New research suggests that 'demonstrative' words act as attention tools across languages

August 01, 2024

Words like 'this' and 'that' or 'here' and 'there' occur in all languages. In a study published in PNAS, researchers from Yale University and the Max Planck Institute of Psycholinguistics in Nijmegen have shown that such 'demonstrative' words are used to direct listeners' focus of attention and to establish joint attention. Results from experiments with speakers of ten different languages and computational modelling reveal that demonstratives are universal tools that link language and social cognition.

All languages have words like 'this' and 'that' to distinguish between referents that are 'near' and 'far'. Languages like English or Hebrew have two of these 'demonstratives'. Languages like Spanish or Japanese use a three-word system. For instance, in Spanish, 'este' signals something close to the speaker, 'ese' signals something far from the speaker but close to the listener, and 'aquel' signals something far from both.

"The reason why we were interested in demonstratives is because of their connection to social cognition: demonstratives are used to direct the listener’s attention to a referent and establish joint attention", says MPI’s Paula Rubio-Fernández, senior investigator and co-author of the study. "Engaging in joint attention is a uniquely human capacity that links language to social cognition in communication.

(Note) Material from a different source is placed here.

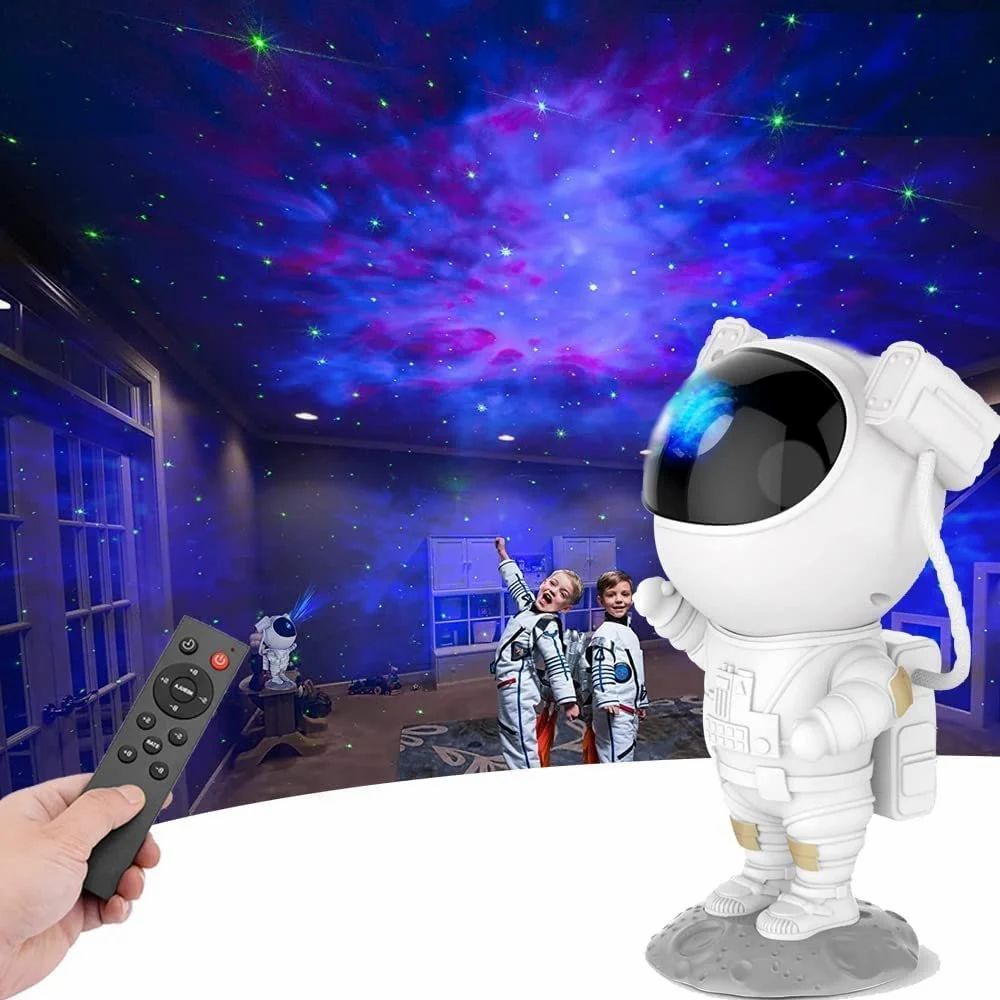 CosmoGlow™ Astronaut LED Projection Lamp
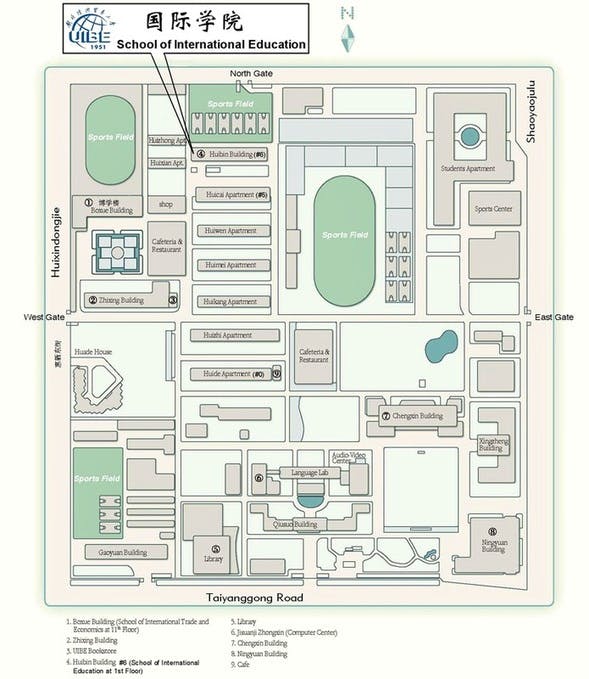 University of International Business and Economics Map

Because demonstratives are universal, emerged early in language evolution and are acquired early in child development, they offer an ideal test case for the interdependence between these two fundamentally human capacities".

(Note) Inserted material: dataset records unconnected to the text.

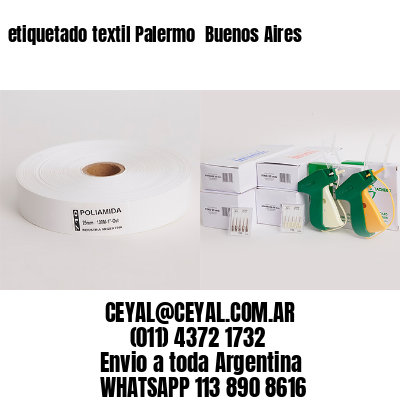 etiquetado textil Palermo  Buenos Aires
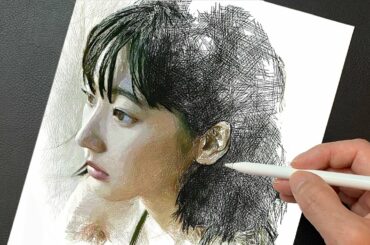 Drawing 武田玲奈(Rena Takeda) | Portrait | Speed painting | How to Procreate illustration | ArtyCoaty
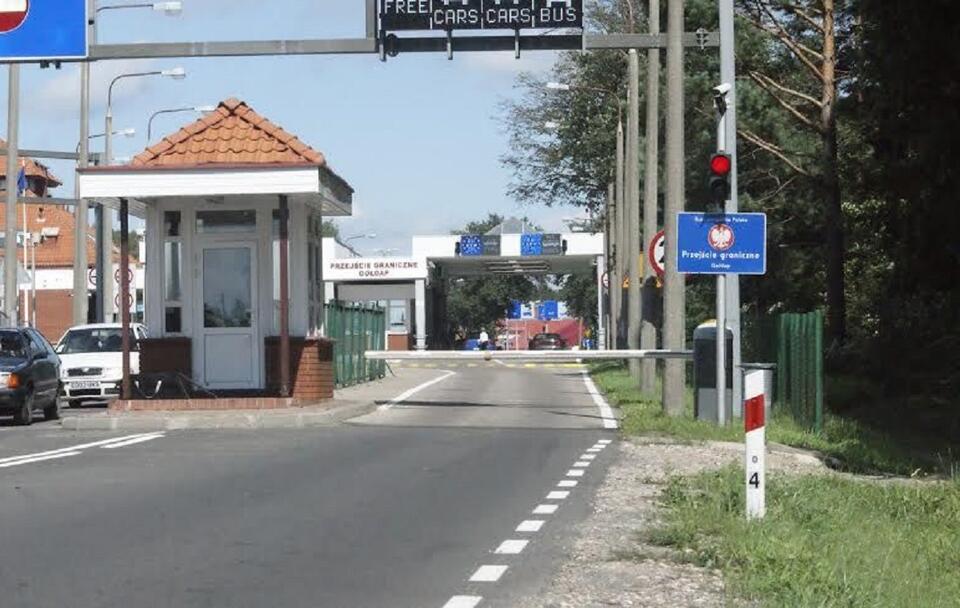 Przejście graniczne z obwodem kaliningradzkim w Gołdapi (zdj. archiwalne) / autor: Fratria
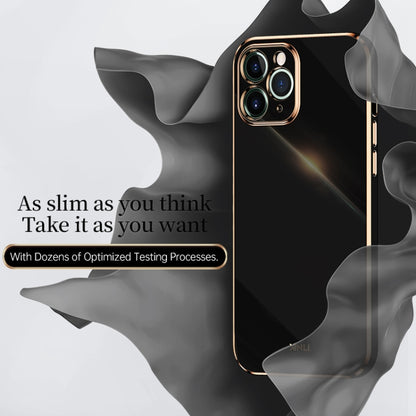 For iPhone 11 XINLI Straight 6D Plating Gold Edge TPU Shockproof Case (Celestial Blue) - iPhone 11 Cases by XINLI | Online Shopping UK | buy2fix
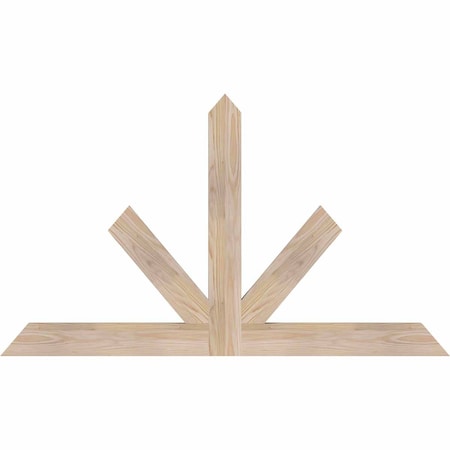 Ekena Millwork Saratoga Smooth Timber Gable Bracket, Douglas Fir, 48"W x 28"H x 1 1/2"D x 3 1/2"F, 14/12 Pitch GBW048X28X0204SAR00SDF
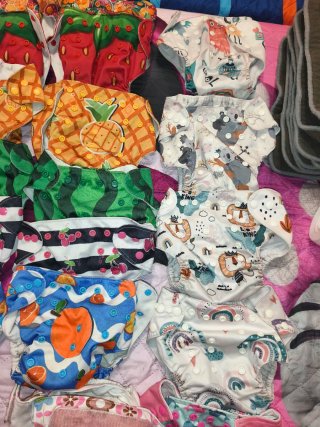 Pañales de tela reutilizables varios diseños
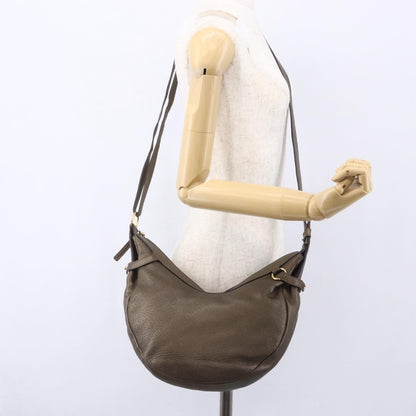 Salvatore Ferragamo Vintage Shoulder Bag Leather, BROWN, LEATHER, Shoulder bag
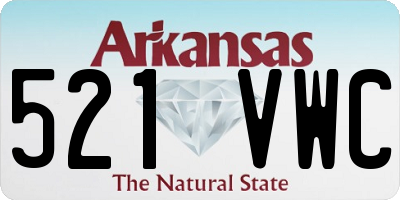 AR license plate 521VWC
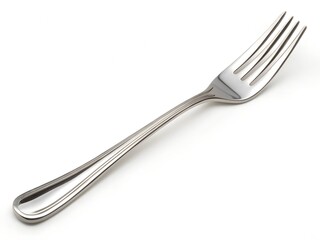 fork on white background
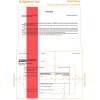 Doruenka B6 125x176 erven pruh, KP, pouen, 1.000 ks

There is debate about whether directing the listener’s attention—the 'mentalistic' representation—is part of the meaning (semantics) of demonstratives, or whether it arises from general principles of social cognition (pragmatics). The researchers used computational modelling and experiments with speakers of ten different languages from eight different language groups to investigate this question.

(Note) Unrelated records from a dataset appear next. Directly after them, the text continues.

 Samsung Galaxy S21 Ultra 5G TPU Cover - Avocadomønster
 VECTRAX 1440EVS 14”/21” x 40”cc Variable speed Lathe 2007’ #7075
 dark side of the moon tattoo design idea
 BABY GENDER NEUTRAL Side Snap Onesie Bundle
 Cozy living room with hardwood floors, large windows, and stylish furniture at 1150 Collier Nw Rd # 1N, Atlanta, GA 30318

In an online task, participants saw pictures of a 'speaker' requesting an object from a 'listener', who was standing on the other side of a long table. The participants were asked to take the role of the speaker, and select a demonstrative from their native language to request the object ("Now I need …"). In the pictures, the listener was either already looking at the intended object or looking at one of four other objects (closer or further from the target). If directing attention is part of the meaning of demonstratives, all speakers should be sensitive to a listener’s initial attention when selecting a demonstrative. However, there should also be variation across languages.

Results showed that participants were not only sensitive to the location of the target but also to the listener’s attention. As expected, the meaning of demonstratives varied within and across languages. Interestingly, speakers of languages with a three-word system used the medial word (such as Spanish 'ese') to indicate joint attention.

"Our work sheds light on the interface between social cognition and language. We show that representations of interlocutor attention are embedded into one of the most basic word classes that appear across all languages: demonstratives", concludes Rubio-Fernández. "Our work also shows through Bayesian computational modelling that this form of attention manipulation cannot be explained via pragmatic reasoning external to the linguistic system, suggesting that mentalistic representations are embedded in a universal component of language".